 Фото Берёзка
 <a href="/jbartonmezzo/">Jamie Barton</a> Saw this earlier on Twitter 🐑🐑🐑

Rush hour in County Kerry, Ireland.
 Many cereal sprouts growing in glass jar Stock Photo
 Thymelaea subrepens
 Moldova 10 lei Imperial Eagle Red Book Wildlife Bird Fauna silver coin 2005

□ □ □ □

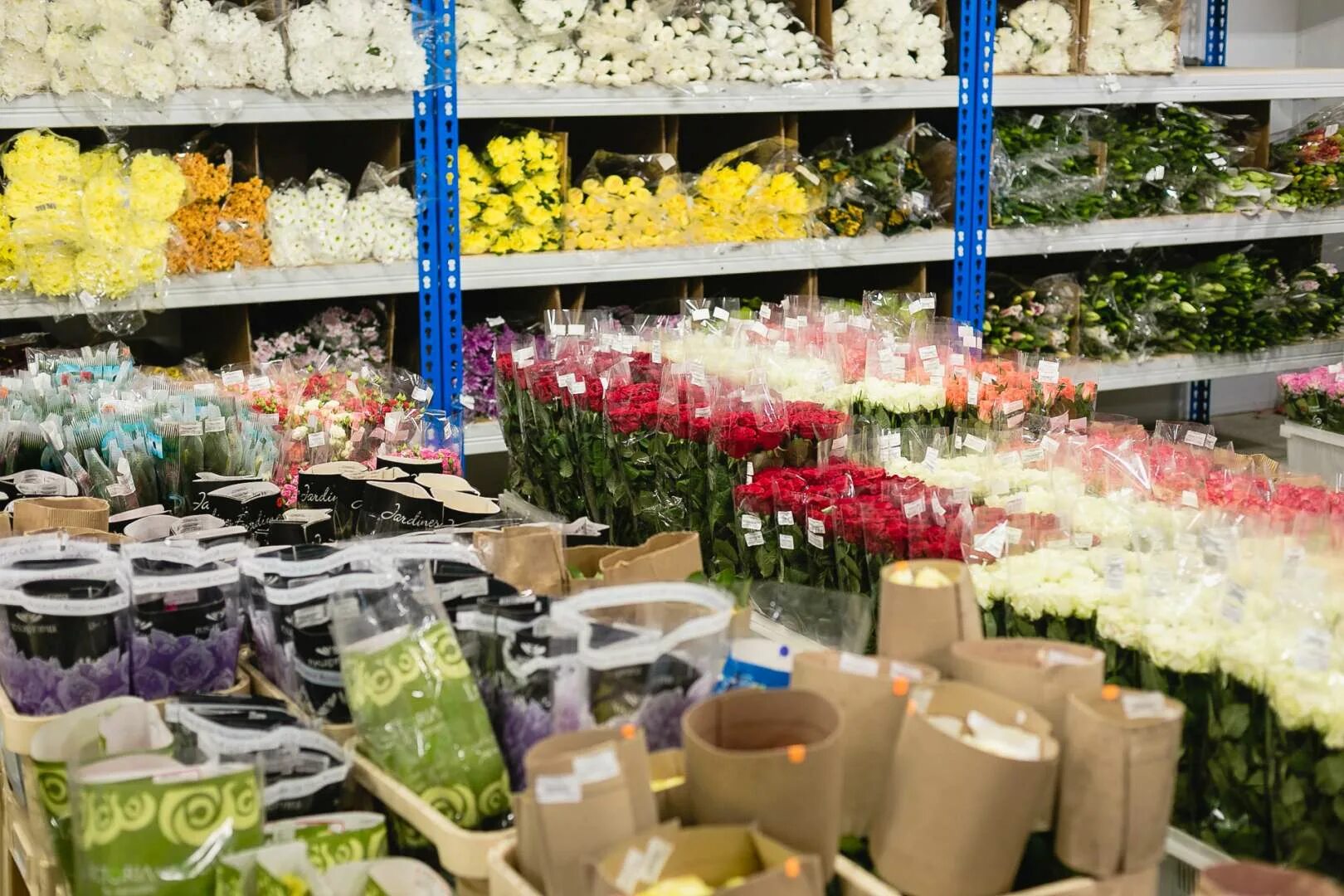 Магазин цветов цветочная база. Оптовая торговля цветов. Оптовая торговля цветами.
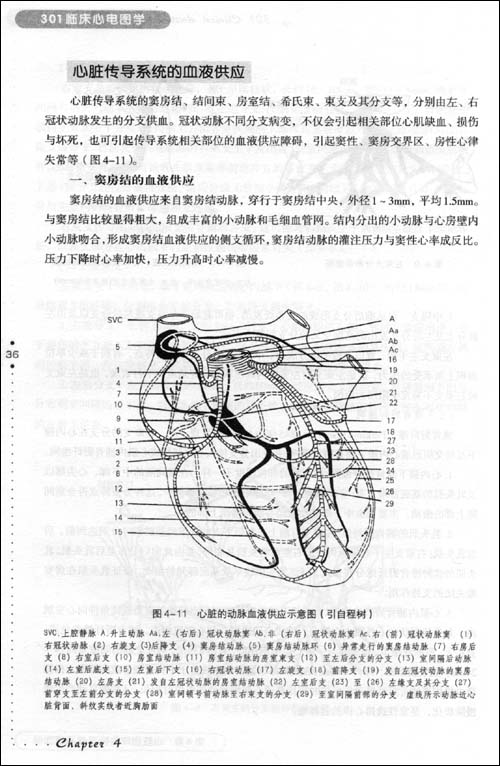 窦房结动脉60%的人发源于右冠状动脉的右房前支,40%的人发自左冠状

□ □ □ □

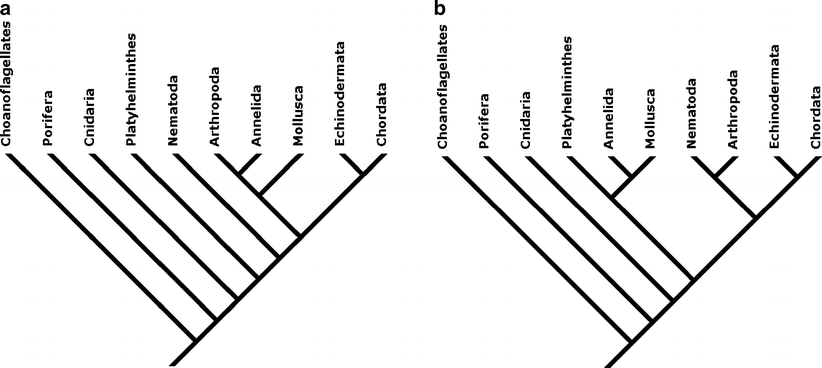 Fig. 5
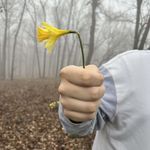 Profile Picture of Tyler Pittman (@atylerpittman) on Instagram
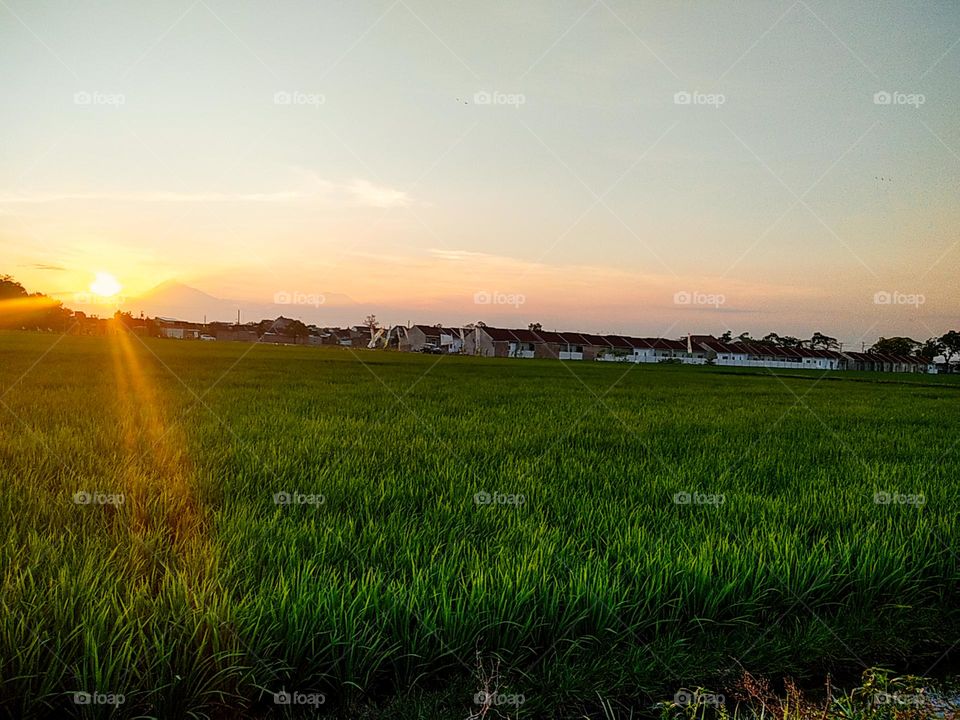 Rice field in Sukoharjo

□ □ □ □

__Your instructions__
Please reproduce, exactly as they appear above, the lines from the line containing "Фото Берёзка" up to and including the line containing "Moldova 10 lei".

__Task answer__
 Фото Берёзка
 <a href="/jbartonmezzo/">Jamie Barton</a> Saw this earlier on Twitter 🐑🐑🐑

Rush hour in County Kerry, Ireland.
 Many cereal sprouts growing in glass jar Stock Photo
 Thymelaea subrepens
 Moldova 10 lei Imperial Eagle Red Book Wildlife Bird Fauna silver coin 2005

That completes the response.